Michael Byers, a professor in British Columbia, writes in the Toronto Star about a little-known plan to increase cooperation between the Canadian and American militaries:
They seem harmless enough at first: two mid-level Canadian Forces officers and a mild-mannered bespectacled American consultant explaining the work of their 48-member Bi-National Planning Group to audiences across Canada. Their professed goal is to improve co-operation between the Canadian and U.S. militaries, the better to defend both countries.
Yet a close reading of their final report released last month, reveals that their actual intent — or at least the intent of the politicians who set their mandate — is far from benign. They seek nothing less than the complete integration of Canada’s military, security and foreign policy into the decision-making and operating systems of the U.S. …
Today, two Canadian elections later, the authors of the BPG report can hardly believe their luck. Prime Minister Stephen Harper may have only a minority government, but there is little doubt he desires closer ties with Washington.
Really? What? Looking more closely, it’s hard to say what will actually come of this. Certainly there are degrees of cooperation being considered. At the very lowest level, the BPG report recommends that the two countries expand the North American Aerospace Defense Command (NORAD), which was established during the Cold War to watch for threats from the air, in order to include maritime surveillance. (And yes, the idea that this continent is in danger of an attack by sea seems ludicrous, but there you go.)

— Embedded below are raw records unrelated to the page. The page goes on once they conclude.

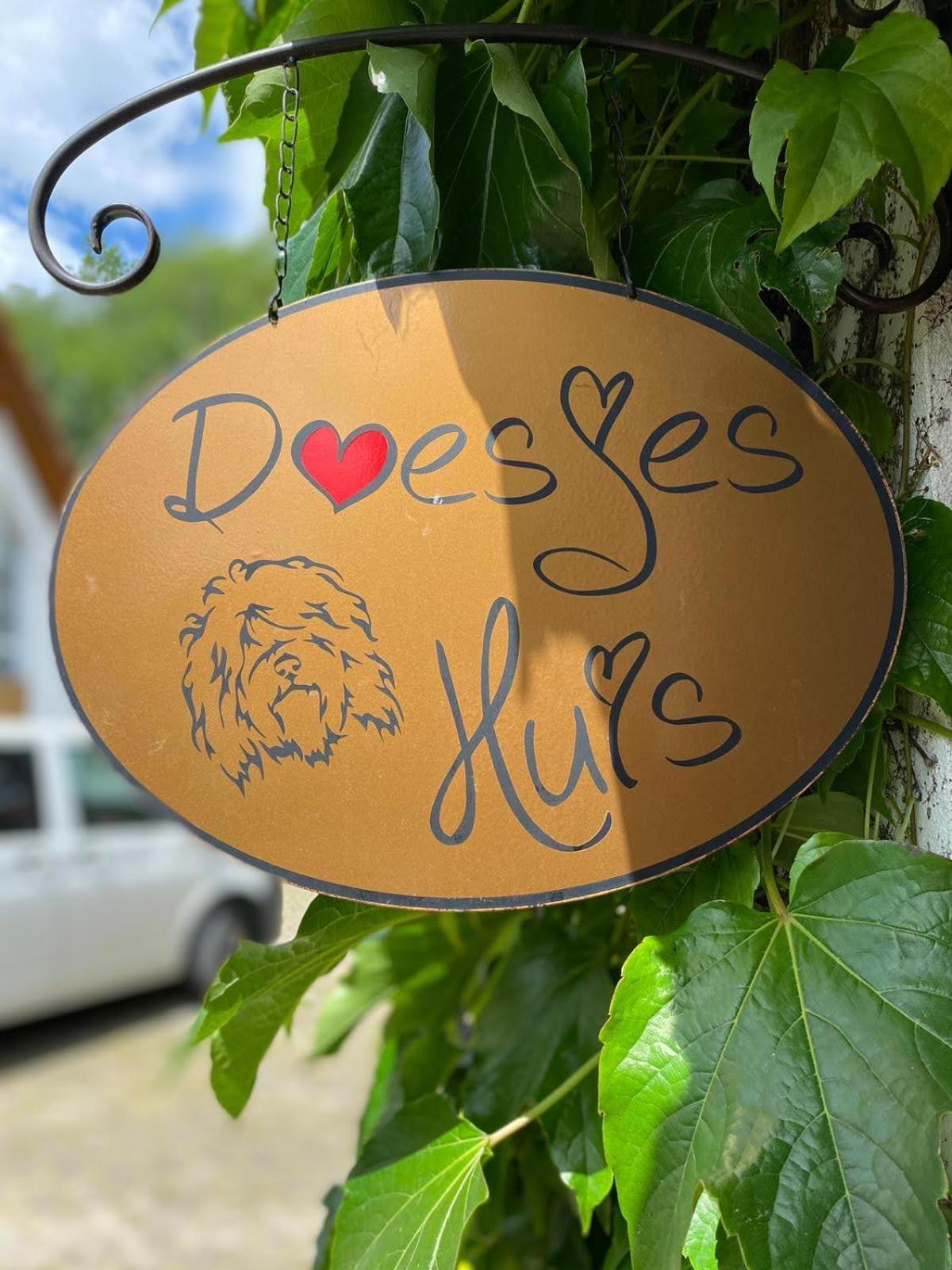 Appartement Doesjes Huis Naumburg  Dış mekan fotoğraf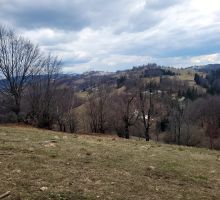 Terenul 3 de vânzare | Domeniul din Apuseni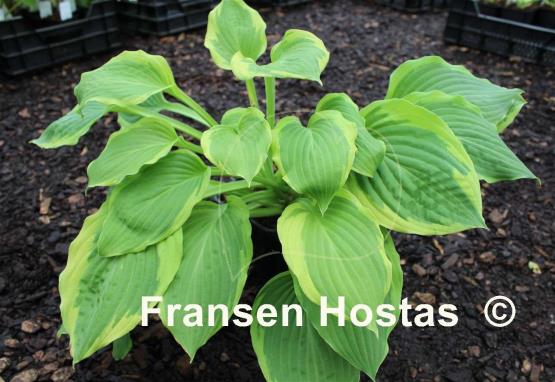 Hosta Treasure Hunt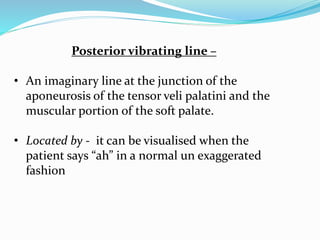 Posterior vibrating line –
• An imaginary line at the junction of the
aponeurosis of the tensor veli palatini and the
muscular portion of the soft palate.
• Located by - it can be visualised when the
patient says “ah” in a normal un exaggerated
fashion
 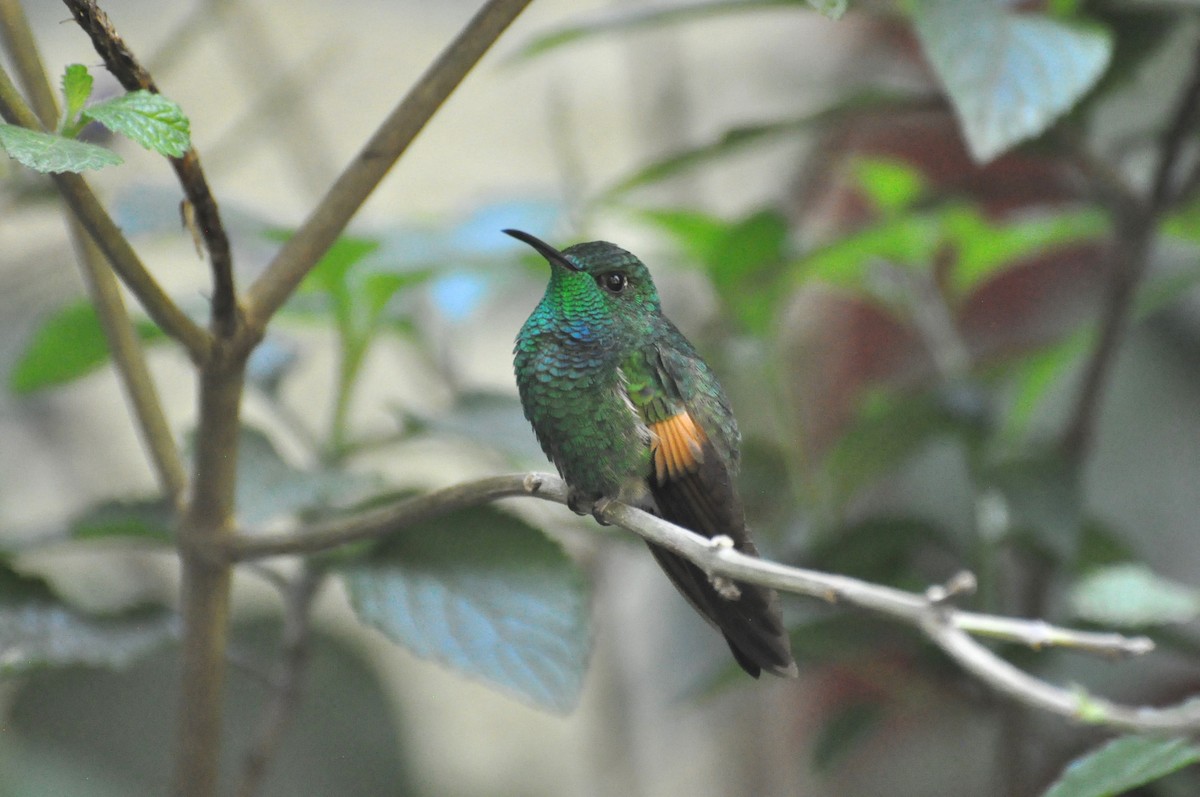 Stripe-tailed Hummingbird - ML618110529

The BPG’s most radical proposal, however, is to put the Canadian military essentially under U.S. command. Does that mean we could use Canadian troops whenever election time rolled around and a failed president needed to topple some “rogue” regime somewhere? It’s not clear, but it sure sounds that way. Of course, that could make any sort of U.S. military action more difficult if the average Canadian voter—who appears a bit less militaristic than your average American voter—suddenly has a right to sound off on who’s invading whom. Either way, it’s kind of a weird development.